====== EXERCISE DATA ======

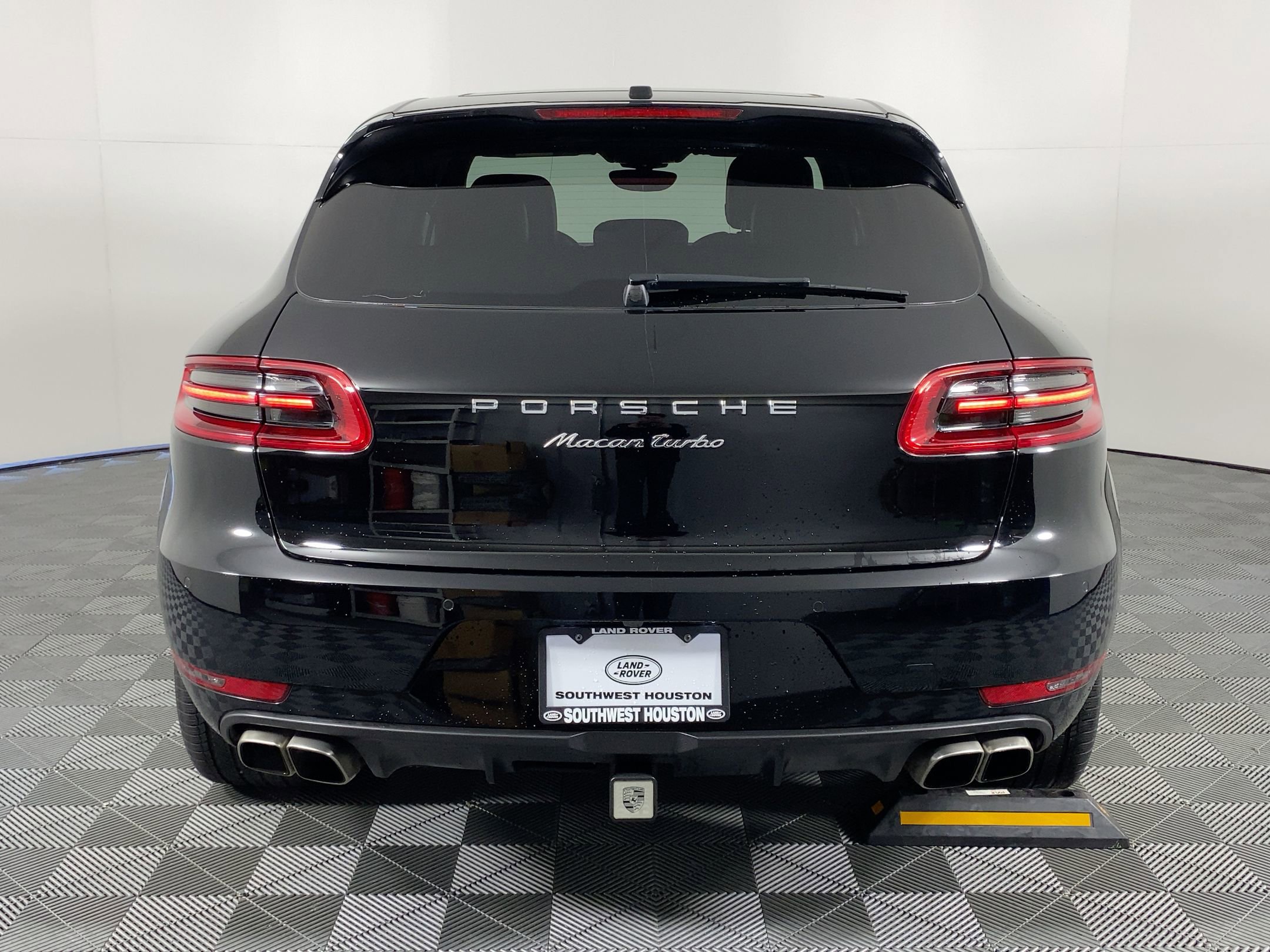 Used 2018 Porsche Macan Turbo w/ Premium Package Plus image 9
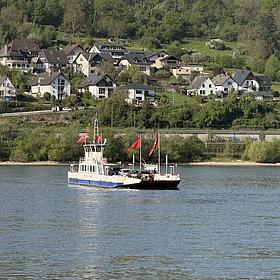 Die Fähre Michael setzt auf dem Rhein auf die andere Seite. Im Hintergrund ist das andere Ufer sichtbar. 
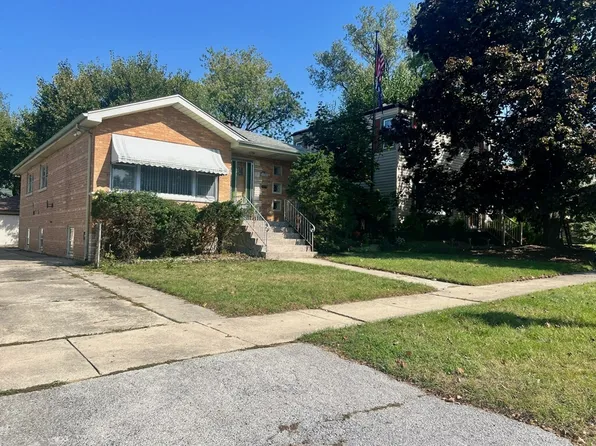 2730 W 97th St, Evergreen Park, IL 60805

======

Exact copy, no images: rewrite the entire listing above.

EXERCISE SOLUTION.
 Used 2018 Porsche Macan Turbo w/ Premium Package Plus image 9
 Die Fähre Michael setzt auf dem Rhein auf die andere Seite. Im Hintergrund ist das andere Ufer sichtbar. 
 2730 W 97th St, Evergreen Park, IL 60805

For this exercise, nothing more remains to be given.